Correct the misalignment of principal, larger thrust chamber
Velocity tuning of warheads (postboost control system) for accurate targeting
Settling of liquid propellants in tanks prior to gravity‐free start of main engine
Docking/rendezvous of 2 space vehicles with one another
Flywheel desaturation

Attitude control can be provided during two occasions, while a primary propulsion system (of a vehicle or of a stage) is operating and while its small thruster rocket system operates by itself. For instance, this is done to point satellite's telescope into a specific orientation or to rotate a spacecraft's main thrust chamber into the desired direction for a vehicle turning maneuver.

A common method for achieving accurate velocity corrections or precise angular positions is to operate (fire) some of the thrusters in a pulsing mode (e.g., fire repeatedly for 0.010 to 0.020 sec, each time followed by a pause of perhaps 0.020 to 0.150 sec).

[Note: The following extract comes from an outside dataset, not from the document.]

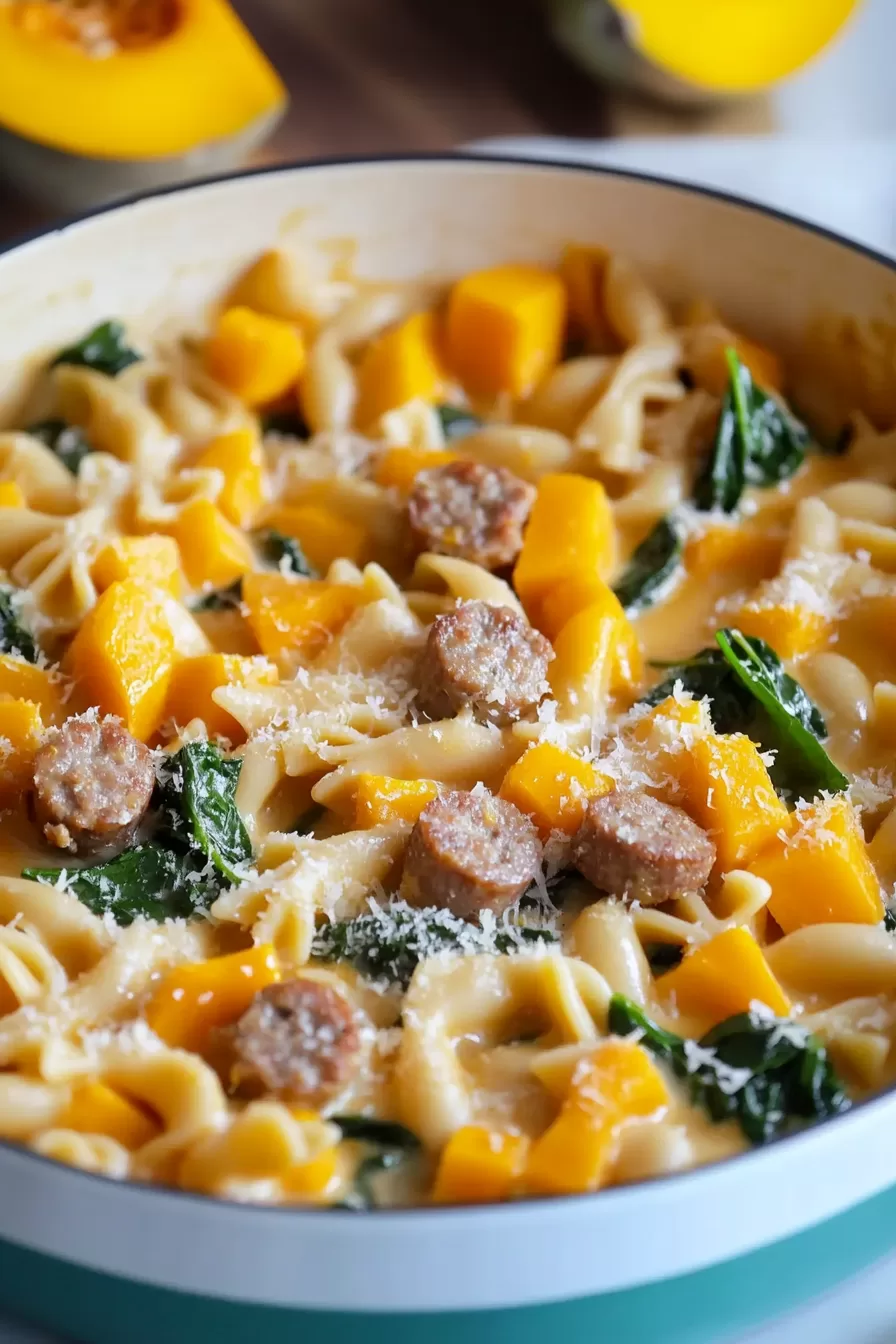 A comforting pasta recipe served with chunks of roasted squash, sausage, and spinach in a rich, creamy sauce.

The guidance system determines the maneuver to be undertaken and the vehicle control system sends command signals to specific thrusters for the number of pulses needed to accomplish such maneuver. Small liquid propellant engine systems are uniquely capable of such pulsing operations. Some small thrusters have been tested with more than 1 million pulses. For very short pulse durations the specific impulse degrades by 5 to 25% because pressure and performance during the period of thrust buildup and thrust decay is lower as transient times become a major portion of the total pulse time.

Ballistic missile defense vehicles usually have highly maneuverable upper stages. These require substantial side forces, also called divert forces (typically 200 to 6000 N), during the final closing maneuvers just prior to target interception. In concept, the system is similar to that of Fig. 6–14, except that a larger thrust chamber would be at right angles to the vehicle axis. A similar system for terminal maneuvers, but using solid propellants, is shown in Figs. 12–27 and 12–28.

The Space Shuttle performed its reaction control with 38 different thrusters assembled in four pods, as shown schematically in Fig. 1–14; this setup included several duplicate (spare or redundant) thrusters. Selected thrusters were used for different maneuvers, such as space orbit corrections, station keeping, or positioning the orbiting vehicle for reentry or visual observations. These small restartable rocket engines were also used for space rendezvous or docking maneuvers, where one spacecraft slowly approaches another and locks itself to the other, without causing excessive impact forces during this docking maneuver. Docking operations require rotational and translational maneuvers from different rocket engines.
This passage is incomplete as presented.